The Buckeye Institute filed a brief in an appeal to the Ohio Supreme Court after two courts denied a citizen’s attempt to gain access to a traditional mail and email list a small township used to send newsletters.
Christopher Hicks says it’s the General Assembly’s responsibility, not the court’s, to determine what is not part of public records.
“Increasingly, Ohio courts have relied on the judge-made administrative convenience doctrine to shield government records from the public,” said David C. Tryon, director of litigation at The Buckeye Institute. “However, it is not the courts’ job to invent legal doctrines to avoid the fact that the General Assembly has not addressed a particular privacy issue.”
In his motion to the Ohio Supreme Court to hear the appeal, Hicks said the case is of public and great general interest, saying if the rulings from the court of claims and the 12th Appellate District stand, the public’s ability to monitor government will be prohibited.
Hicks believes some citizens of Union Township are being excluded from the newsletters.

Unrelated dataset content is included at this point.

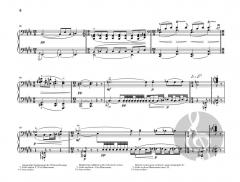 Prélude à l'après-midi d'un faune von Claude Debussy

“A dangerous precedent in a time of curation, targeting and shadow banning with the benefit of technology. A precedent that undermines not only the Public Records Act, but of the right of access to government under the 1st Amendment of the United States Constitution, and the ability of citizens to respond to government messages designed to support government and the elected officials determining which messages to send and to whom,” Hicks wrote in the motion.
The Buckeye Institute, in its amicus brief, said government must take a broad view of public records.
“Absent a legislative change, governments must produce records that meet the text of the public records law, as it is liberally construed,” the brief said.